I thought everything would went out just as okay as I expected, but I was wrong during the dawn of march 2 I lost my grandfather, the following dayafter the 1 yr death anniversary f nanay. We lost him as he said to us that he will be leaving soon, but we all though that this was just his way to tell us that nanay's death anniversary is coming. We were all not shock about this, instead we thank the Lord for this, because we all know thar dear tatay is suffering greatly in pain, and we cannot bear to see him in that condition. We knew that very moment that nanay had called him to be her together with the Lord. It was honestly relieving to our family knowing that Tatay and nanay is now with our Lord.
In the meantime during those times I am really having difficulty with my decisions about my personal life, I am confused and very much not at ease with my self. But I am hoping to be happy soon. Since vacation is about to come I'm sure to have good times this coming summer..
Until next blog guys..
Saturday, March 13, 2010
Yes!you read it right after 3 weeks of not updating my blog, well I'm back on business. I haven't been updating my blog lately because of some personal reasons involving my prioritize in life. Its not that there's nothing new to talk about cause actually there's always something hot to talk about. Theres lot of news I did not update this blog and today I'm about to share it to all of you.

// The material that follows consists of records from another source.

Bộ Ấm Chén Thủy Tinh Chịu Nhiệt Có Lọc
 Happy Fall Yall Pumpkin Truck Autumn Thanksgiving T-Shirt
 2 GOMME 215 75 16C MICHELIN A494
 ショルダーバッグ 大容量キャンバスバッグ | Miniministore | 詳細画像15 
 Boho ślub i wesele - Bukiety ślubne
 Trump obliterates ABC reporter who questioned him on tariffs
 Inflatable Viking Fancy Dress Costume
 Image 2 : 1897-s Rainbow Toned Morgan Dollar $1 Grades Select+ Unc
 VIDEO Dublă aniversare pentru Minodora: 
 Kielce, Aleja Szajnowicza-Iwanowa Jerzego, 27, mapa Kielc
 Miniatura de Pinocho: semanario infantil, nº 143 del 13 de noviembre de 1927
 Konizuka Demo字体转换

I should admit that I did not update my blog because of many reasons, I been very stubborn about keeping myself my problems involving myself, Plus I been depressed lately because of my grandfather who is terminally ill during the last 2 weeks of February and me having troubles about my love life. I admit that most of the problems that I encountered for the past month and the first two weeks of march are mostly because of my own mistakes. I been making decisions that are both unreasonable and wrong. I been too depressed to think about my blog..sorry everyone!!
From this day on I promise to make it up for the past weeks that I had been necting my blogging! and this I assure you guys!! mhwuaahh!